All of these patterns are reflected in the anticipated uptick for in-vehicle technology -- revenues this year are predicted to reach $15.9 billion, which is a 6% increase.
6. Virtual Reality
VR isn't exactly a new trend, but what I'll be keeping our eyes on is the newest use cases for it.
Content, it's predicted, is where the most noticeable change and evolution will take place, especially when it comes to creating immersive experiences for brand awareness.
Where once this technology was almost exclusively used to tell a story for the purpose of entertainment, businesses and organizations are now presented with an opportunity to leverage VR for commercial purposes -- like shopping, for example, or a deeper look inside what helps a business run and create its products or services.
Augmented Reality (AR) is further working its way into the B2C space, as we enter the era of what was called "AR for all." There have been several consumer-oriented use cases from brands like Ikea and Wayfair -- using the technology for things like home decor -- as well as demonstrations on how it enhances a gaming experience from both Apple and Google.
But AR first made a name for itself in the B2B sector -- largely for purposes related to trade shows and enhancing information delivery to analysts. And as it continues to grow its presence within the consumer sector, I don't anticipate it leaving B2B behind.

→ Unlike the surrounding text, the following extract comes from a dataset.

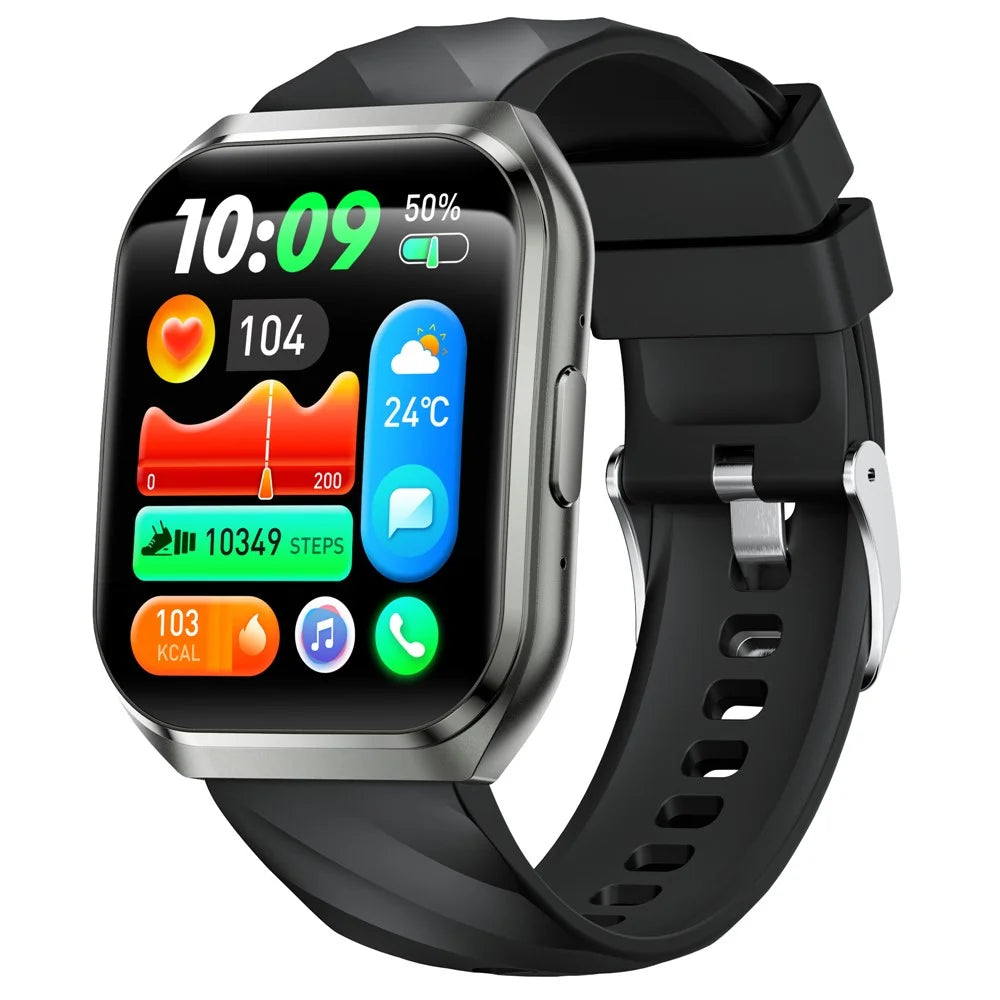 MT66 Silicone Strap Smart Watch 1.83 Inch IPS Screen Fitness Tracker IP68 Waterproof Heart Rate Monitor - Black - 1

As the technology improves, many of the purposes it was originally used for will also continue to evolve, presenting an opportunity for business-facing marketers.
7. Smart Cities
From self-driving pizza delivery vehicles (seriously -- this is a thing) to environment and energy usage, smart cities are where society and technology intersect.
While Smart Cities fill a new enough category that their roles in marketing remain fairly open-ended, they do present an opportunity for brands looking to increase their roles in the community -- especially where technology is concerned
One of the best cases for the growth of Smart Cities, for example, is how they will work to bolster public safety and services -- something that cannot happen without the cooperation of the market, organizations, and regional leadership.
By exploring where their own organizations fit into the ecosystem of a Smart Cities, marketers can work ahead of the curve by looking for ways their brands can actively support and contribute to a Smart City, thus playing a larger role in what remains, for now, an emerging trend.